### Data in this exercise
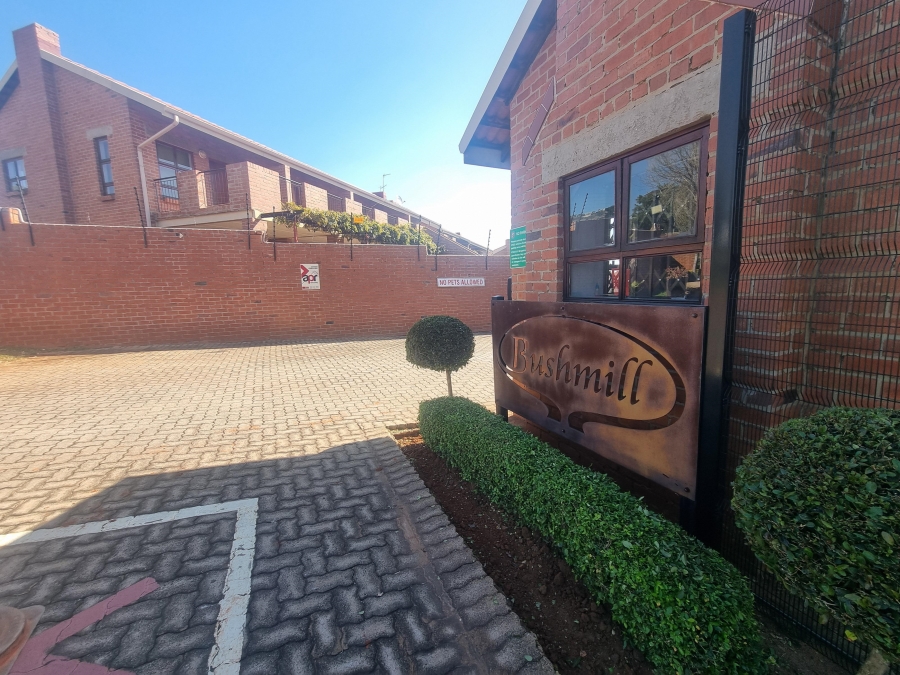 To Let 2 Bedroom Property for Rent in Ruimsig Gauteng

--

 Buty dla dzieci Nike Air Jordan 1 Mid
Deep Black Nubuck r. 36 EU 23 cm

### Exercise directions
In the entries above, the lines from the one bearing "Buty dla dzieci Nike Air Jordan 1 Mid" up to and including the one bearing "Deep Black Nubuck r. 36 EU 23 cm" should be transcribed exactly; no other line is wanted.

### Answer to the problem
 Buty dla dzieci Nike Air Jordan 1 Mid
Deep Black Nubuck r. 36 EU 23 cm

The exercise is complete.